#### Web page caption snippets
== Segment start ==

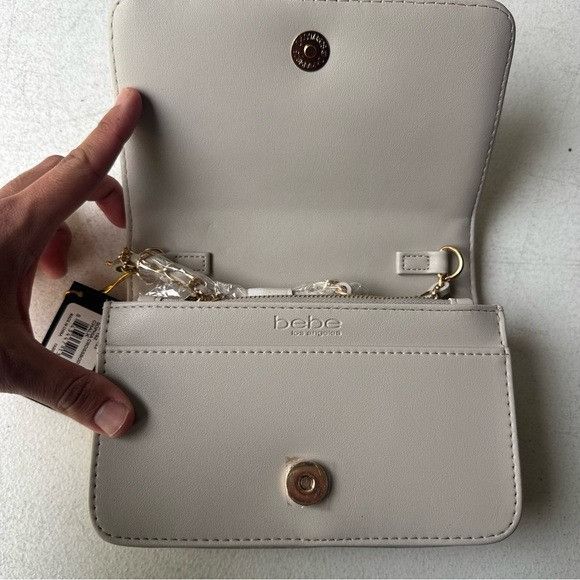 Bebe NWT BEBE SOPHIA CROSSBODY SMALL CHALK Size ONE SIZE - 6 Thumbnail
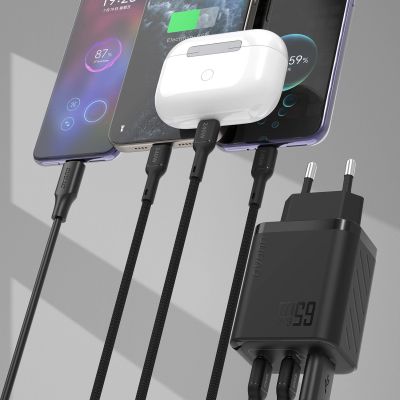 3. Dudao A29C 65W GaN Wall Charger + USB-C Cable - Black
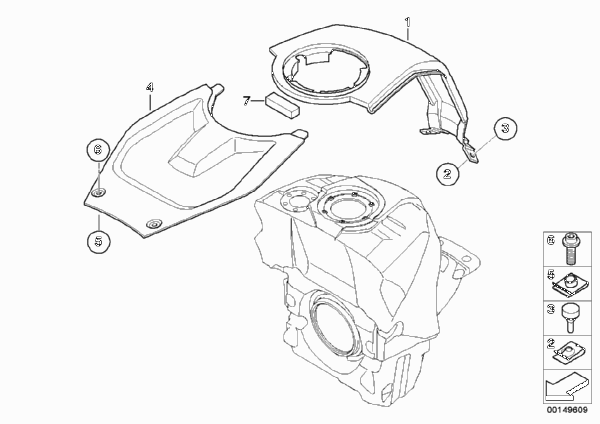 Кожух топливного бака Ср для BMW K40 K 1300 S (0508,0509) 0 (схема запчастей)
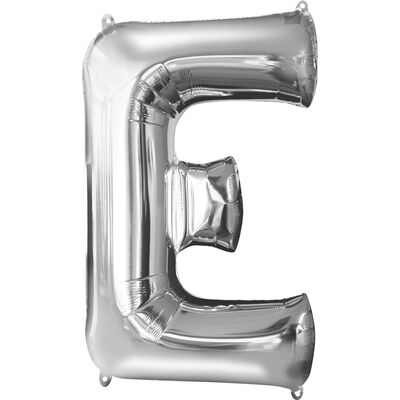 34 Inch Silver Letter E Helium Balloon image number 1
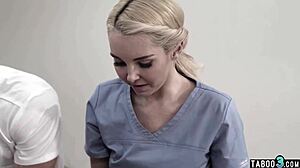 perv husband and masseuse trick petite teen into hardcore blowjob fuck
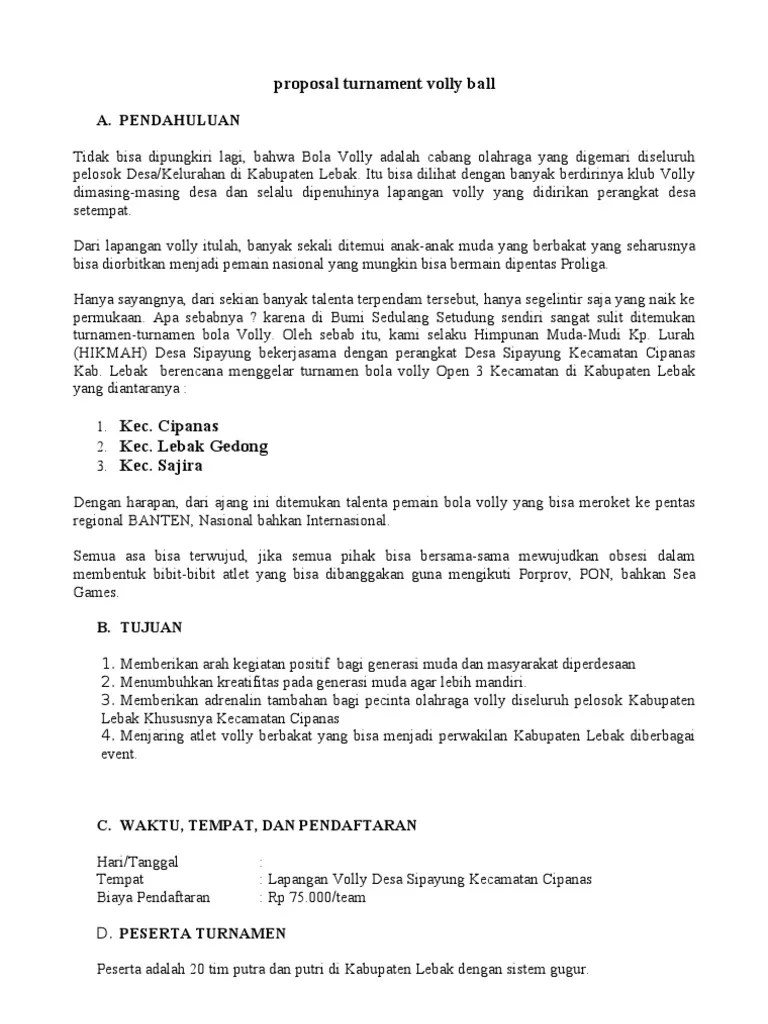 Proposal Turnament Volly Ball | PDF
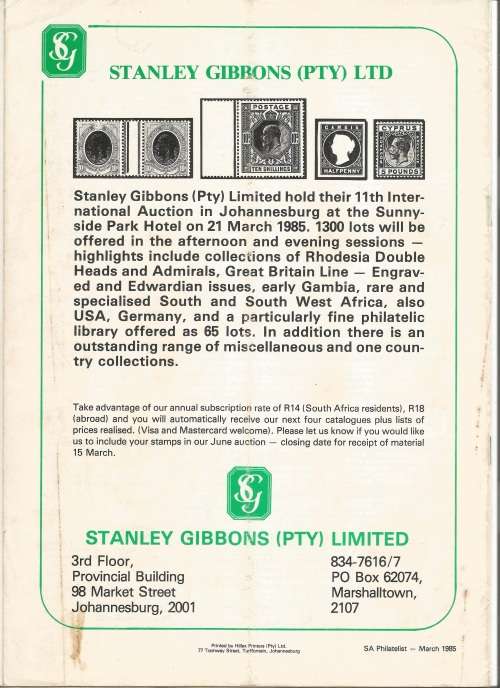 SA Philatelist Magazine-March-1985-Vol 61 No3- Pg53-80(Magazine was Folded in Half)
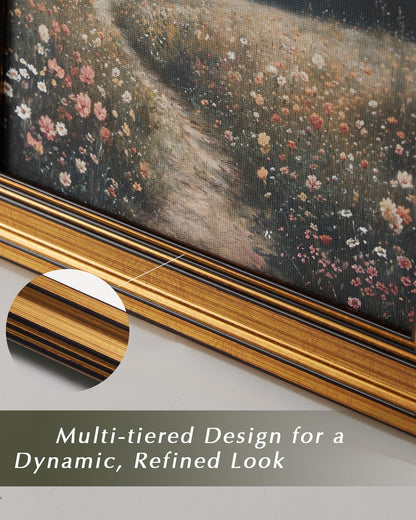 HUARCEY Gold Framed Vintage Wall Art for Living Room, Landscape Painting Prints Shelf Decor for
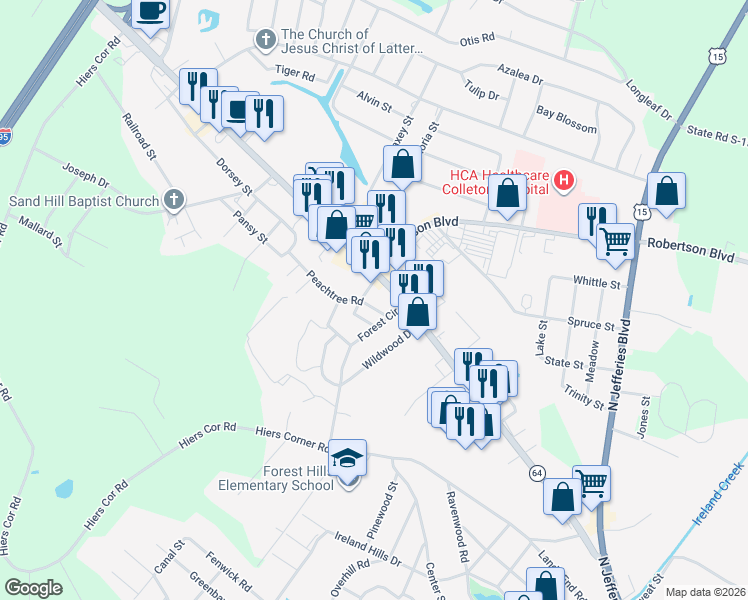 map of restaurants, bars, coffee shops, grocery stores, and more near 102 Peachtree Road in Walterboro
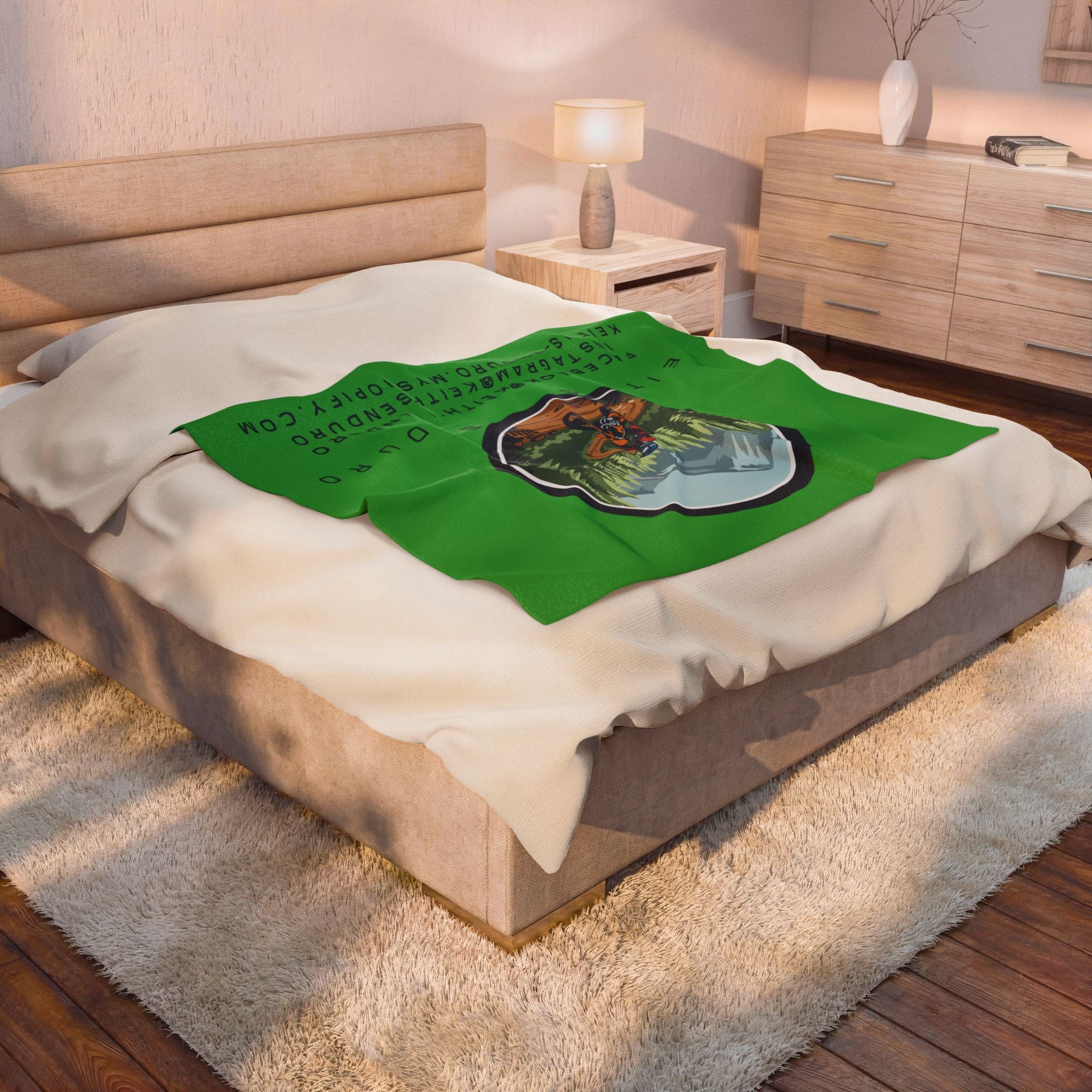 Enduro Motorcycle Velveteen Plush Blanket — Keith's Enduro design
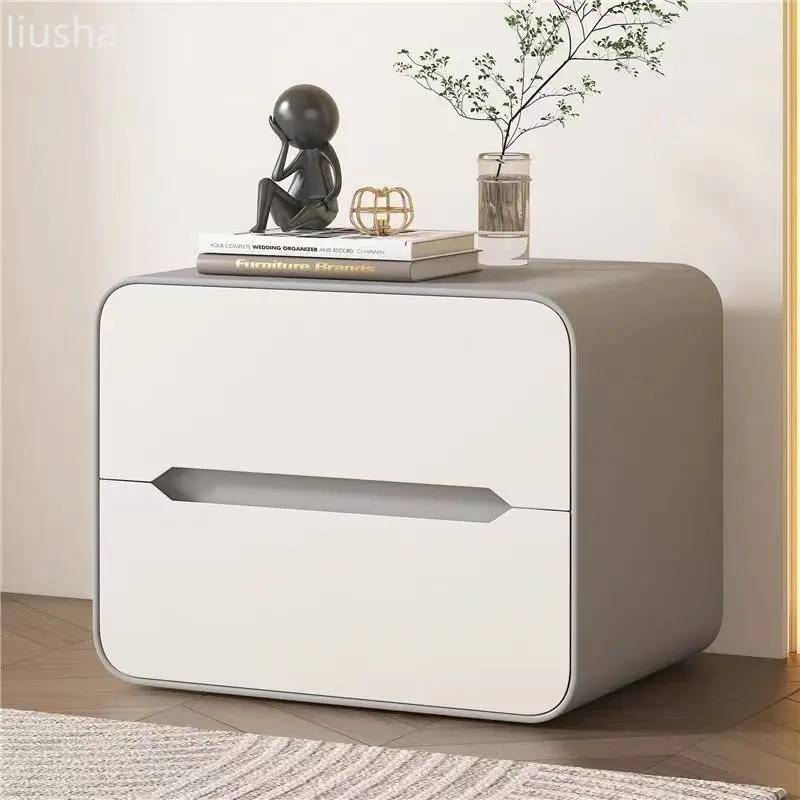 Bedside table bedroom household drawer storage cabinet round solid wood simple cream style new style bedside table black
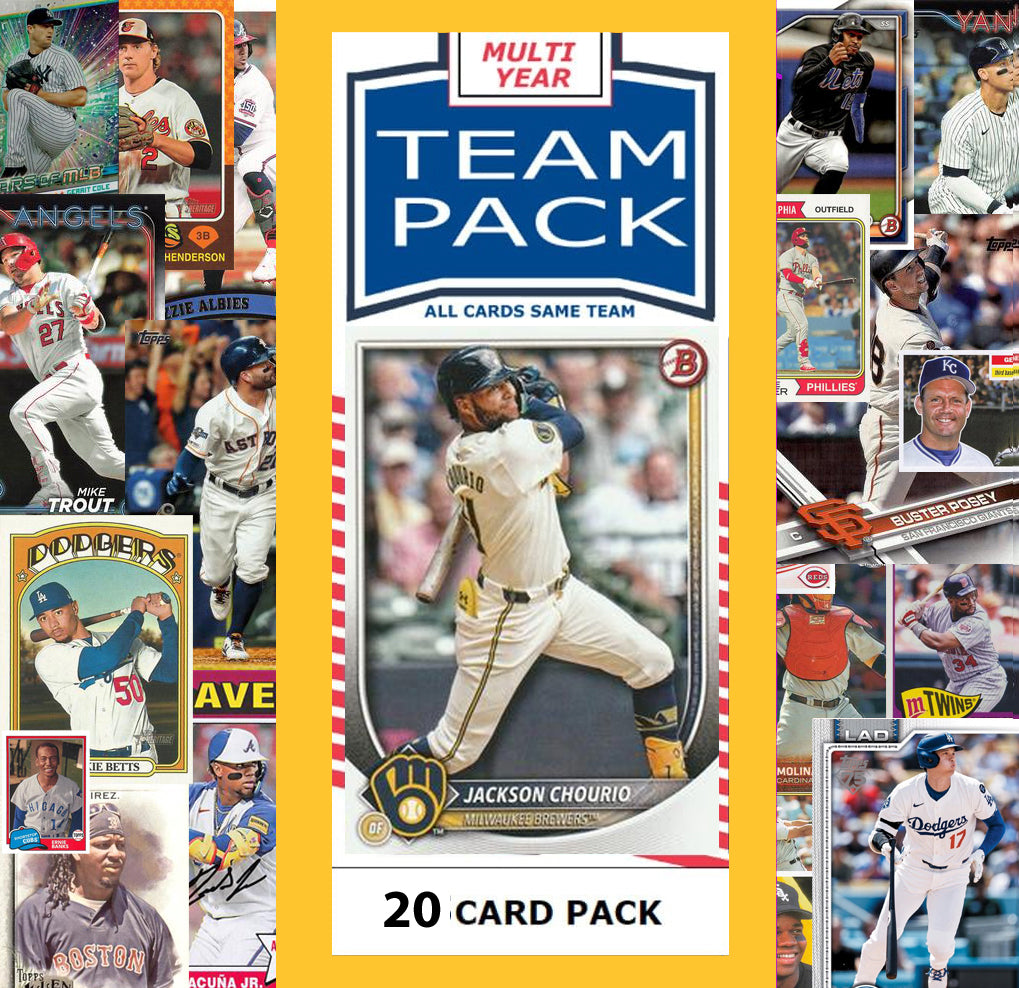 20 Card Multiyear Team Pack Milwaukee Brewers 2024 2023 2025 Jackson Chourio Topps Stadium Club Archives Chrome Heritage Bowman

== Segment end ==

#### AIM OF THE EXERCISE
Find the line that contains "3. Dudao A29C", then write out that line and every line after it through the end of the records, exactly. Leave the pictures out.

#### RESPONSE FOR THIS EXERCISE
 3. Dudao A29C 65W GaN Wall Charger + USB-C Cable - Black
 Кожух топливного бака Ср для BMW K40 K 1300 S (0508,0509) 0 (схема запчастей)
 34 Inch Silver Letter E Helium Balloon image number 1
 perv husband and masseuse trick petite teen into hardcore blowjob fuck
 Proposal Turnament Volly Ball | PDF
 SA Philatelist Magazine-March-1985-Vol 61 No3- Pg53-80(Magazine was Folded in Half)
 HUARCEY Gold Framed Vintage Wall Art for Living Room, Landscape Painting Prints Shelf Decor for
 map of restaurants, bars, coffee shops, grocery stores, and more near 102 Peachtree Road in Walterboro
 Enduro Motorcycle Velveteen Plush Blanket — Keith's Enduro design
 Bedside table bedroom household drawer storage cabinet round solid wood simple cream style new style bedside table black
 20 Card Multiyear Team Pack Milwaukee Brewers 2024 2023 2025 Jackson Chourio Topps Stadium Club Archives Chrome Heritage Bowman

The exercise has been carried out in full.